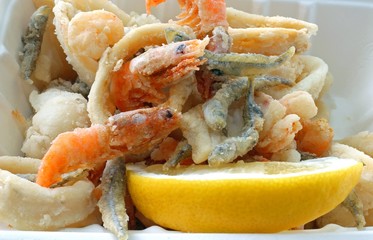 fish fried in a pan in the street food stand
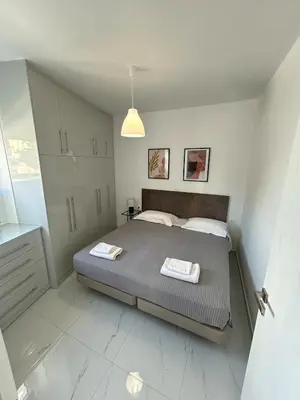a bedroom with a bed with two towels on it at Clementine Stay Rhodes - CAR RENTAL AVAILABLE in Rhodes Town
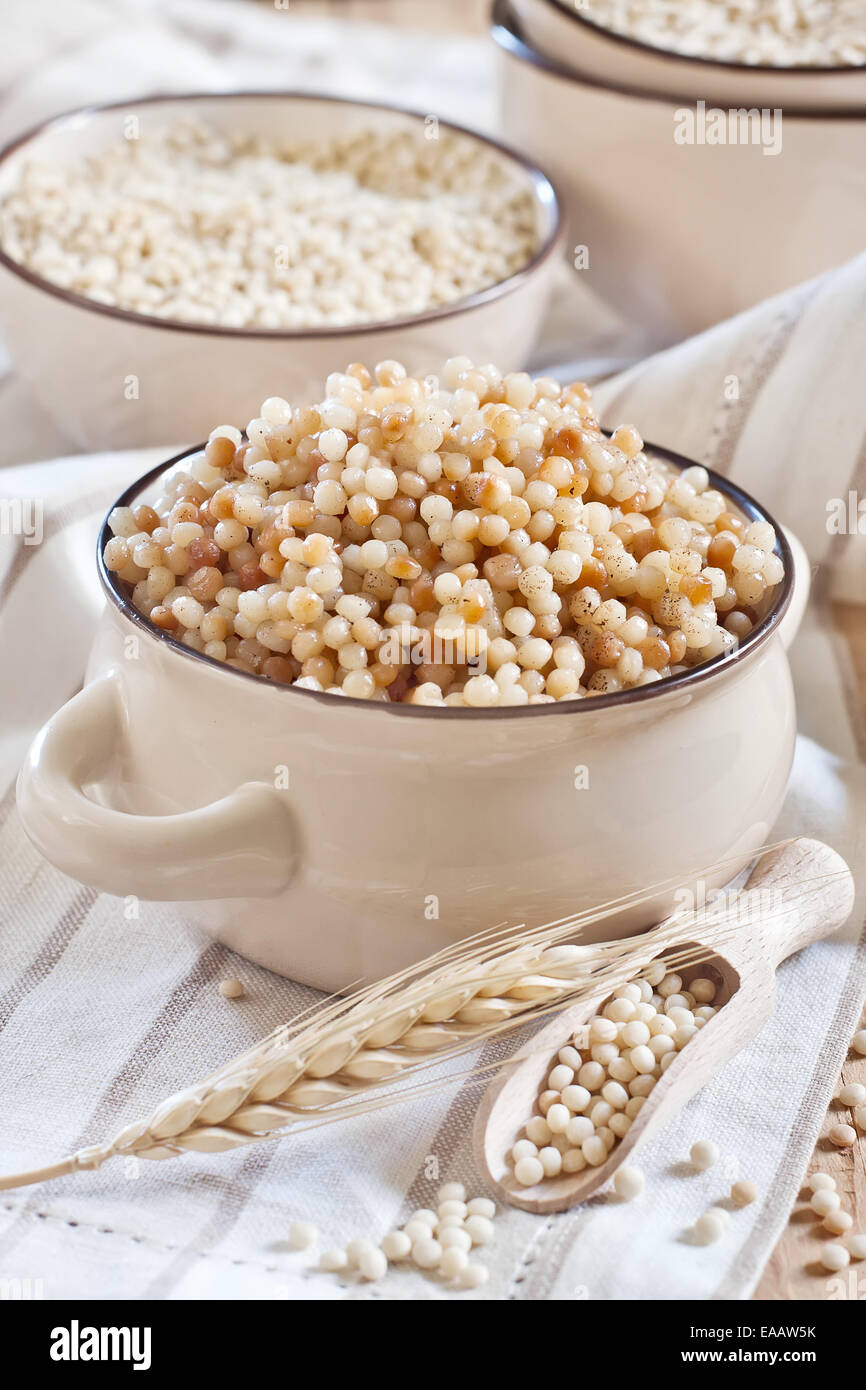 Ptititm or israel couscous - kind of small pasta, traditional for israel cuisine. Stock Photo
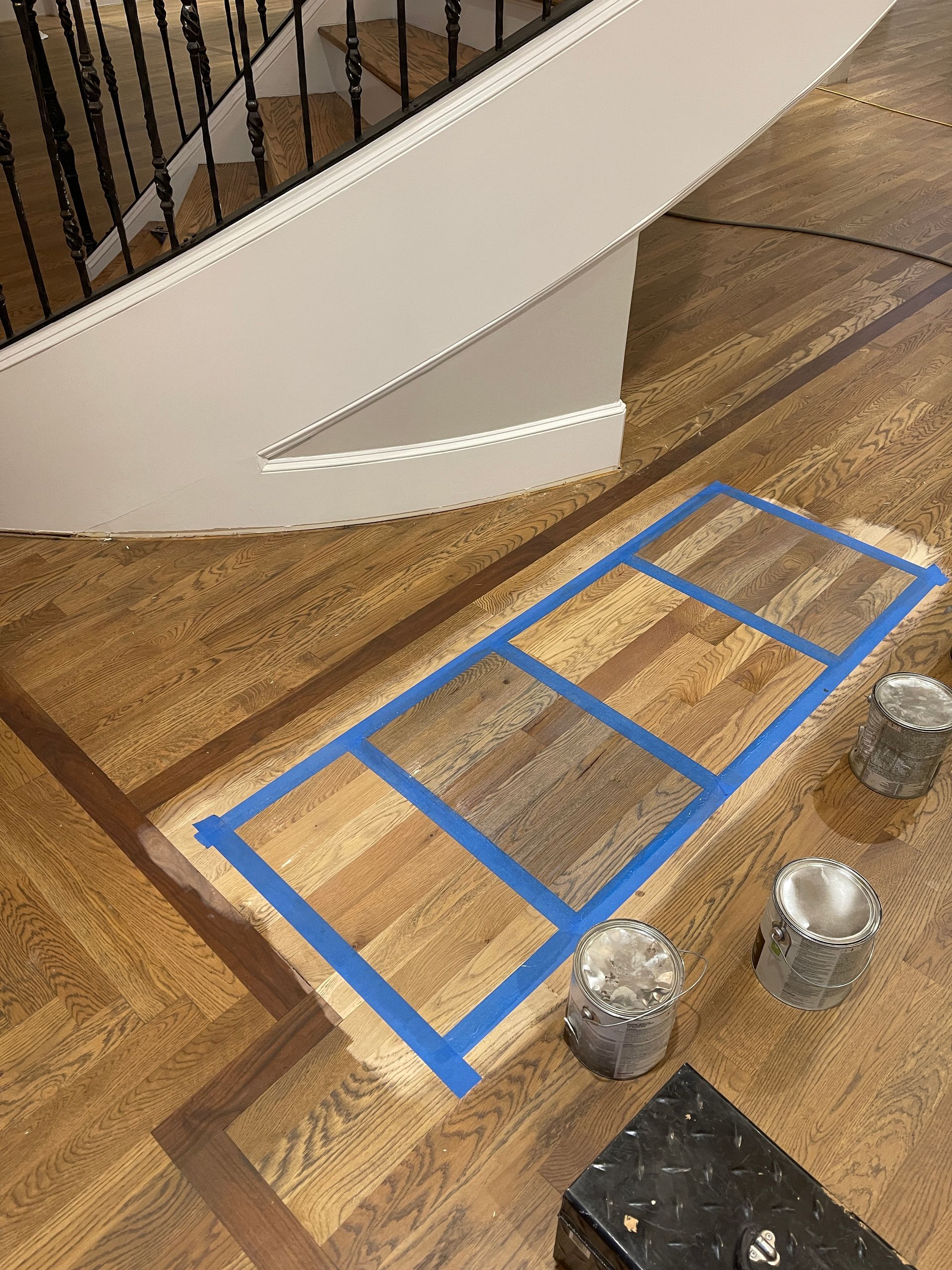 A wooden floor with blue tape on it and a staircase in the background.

* * * * *

# Task item:
The data above should be repeated in full and exactly, with no pictures carried over.

# Problem solution:
 fish fried in a pan in the street food stand
a bedroom with a bed with two towels on it at Clementine Stay Rhodes - CAR RENTAL AVAILABLE in Rhodes Town
 Ptititm or israel couscous - kind of small pasta, traditional for israel cuisine. Stock Photo
 A wooden floor with blue tape on it and a staircase in the background.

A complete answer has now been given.